Players searched by cops, dogs

Michigan coach Lloyd Carr lashed out at
Ohio State for subjecting his players and coaches to a "disrespectful" security check before Saturday's game at Ohio Stadium.

"I don't know if they were looking for drugs," Carr said Monday during his weekly news conference. "I don't think I'm a terrorist."

Michigan was held up about 10 minutes while officers and police dogs did a search of players' bags before the Wolverines went on to lose 37-21.

"Let me make this clear -- it had nothing to do with the outcome of that game," Carr said. "Nothing. That is not anything we're using as an excuse. We're talking about how a university in this conference, how their athletic department, chose to try to embarrass us, I guess. I resented it. I just don't understand anything about what happened there."

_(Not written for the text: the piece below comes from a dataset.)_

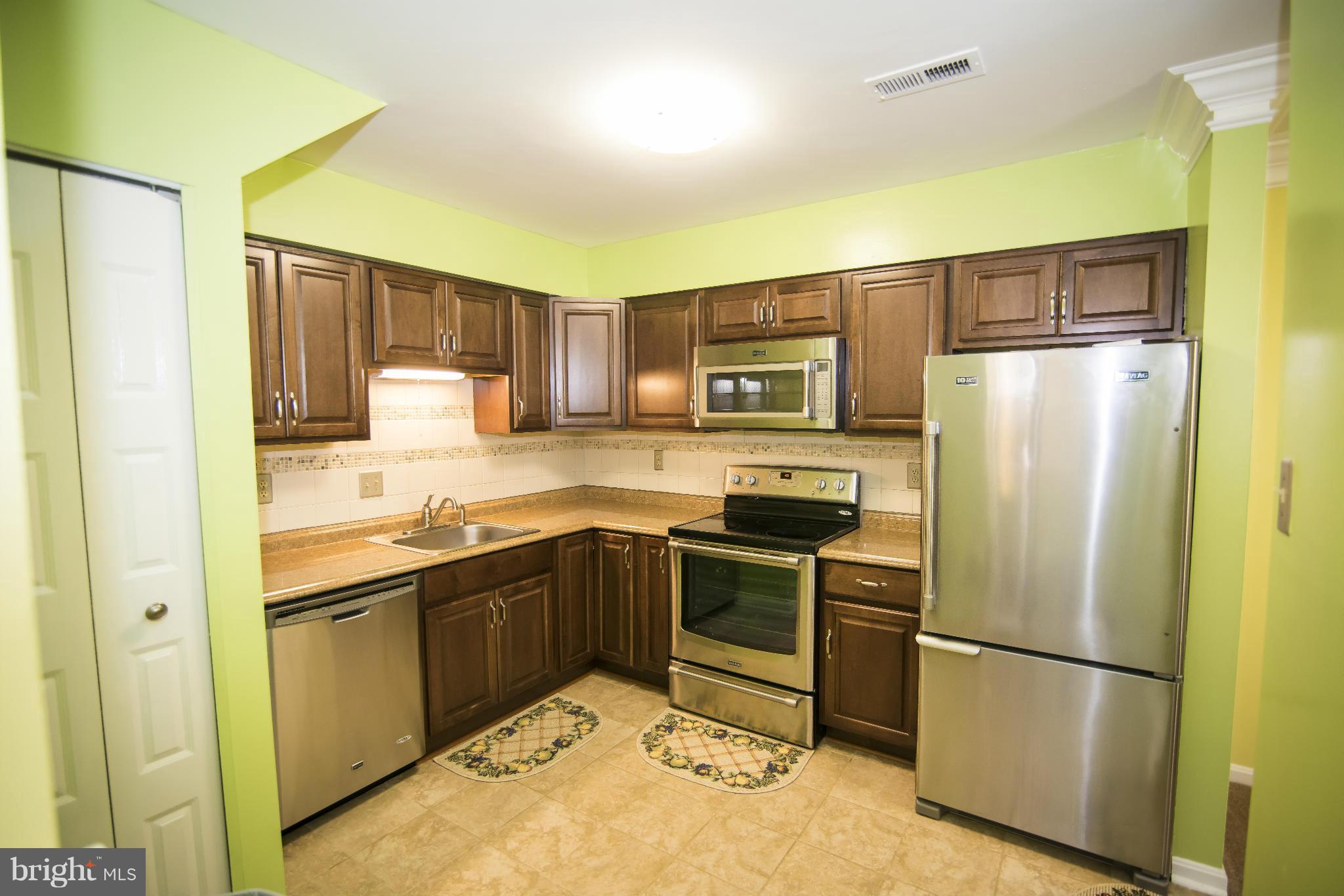 7433 Rokeby Drive, Unit 10 Manassas, VA 20109 - Photo 8 of 27 Interior (General)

Carr vented about the search and said he
wants the Big Ten commissioner to look into what he called
harassment by OSU fans who watched police dogs taking a whiff of
every player and their personal belongings.

"If it's going to be the greatest rivalry in college athletics,
which so many of us believe it is, then I don't think it is too
much to say, 'Let's have great respect for each other. Let's treat
each other like we would want to be treated," Carr said. "I
guarantee you that the athletic director at Ohio State doesn't want
his son treated the way that they treated our players."

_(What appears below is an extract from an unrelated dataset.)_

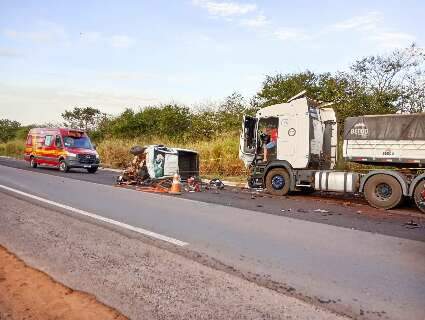 Tragédia na BR-262: Acidente com caminhão mata pessoa em Ribas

A message left Wednesday at the Big Ten office in Park Ridge,
Ill., was not immediately returned.

Ohio State sports information director Steve Snapp said all teams visiting Ohio Stadium were subject to a search this season.

"We've had the same security for every team," Snapp told the Detroit News.

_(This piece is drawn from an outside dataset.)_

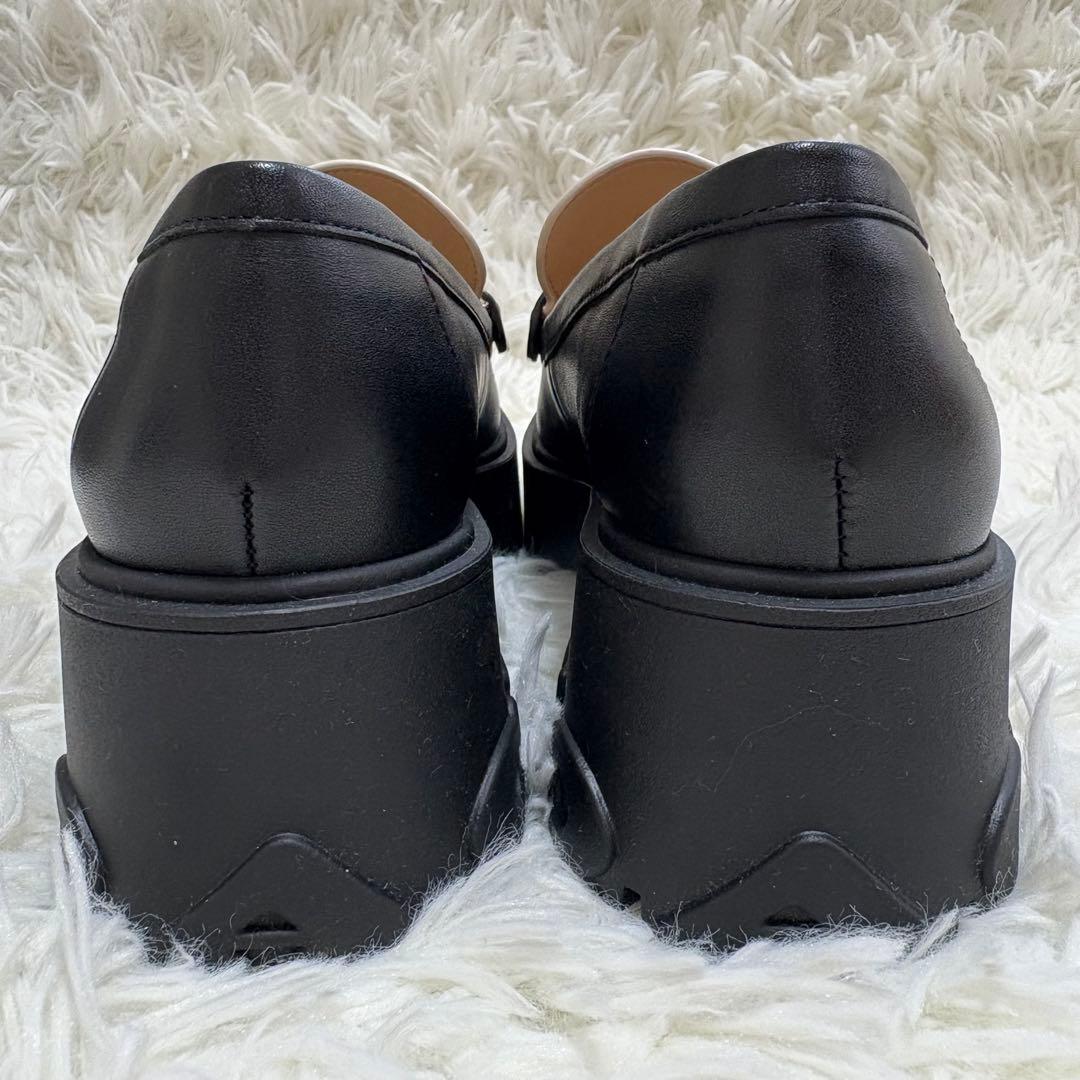 新品 箱タグ付 コーチ ルーシー ローファー 厚底 ブラック ホワイト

However, officials from Big Ten schools Indiana and Wisconsin, both of which played at Ohio Stadium this season, said its players and bags were not subjected to a search.

A Penn State representative said its locker room was searched by police dogs without players and coaches being present.

Snapp insisted Wednesday all teams were subject to the same search.

"This is all controlled by homeland security. Every team that
comes in is checked," Snapp. "Every team was
absolutely checked. Penn State was also checked by dogs because
like Michigan, they got there late."

Carr said he is unhappy with the double standard.

"What really is interesting is that they would say that with all these other schools, it's been the same all year long, when it hasn't," Carr said. "There is an issue of credibility here."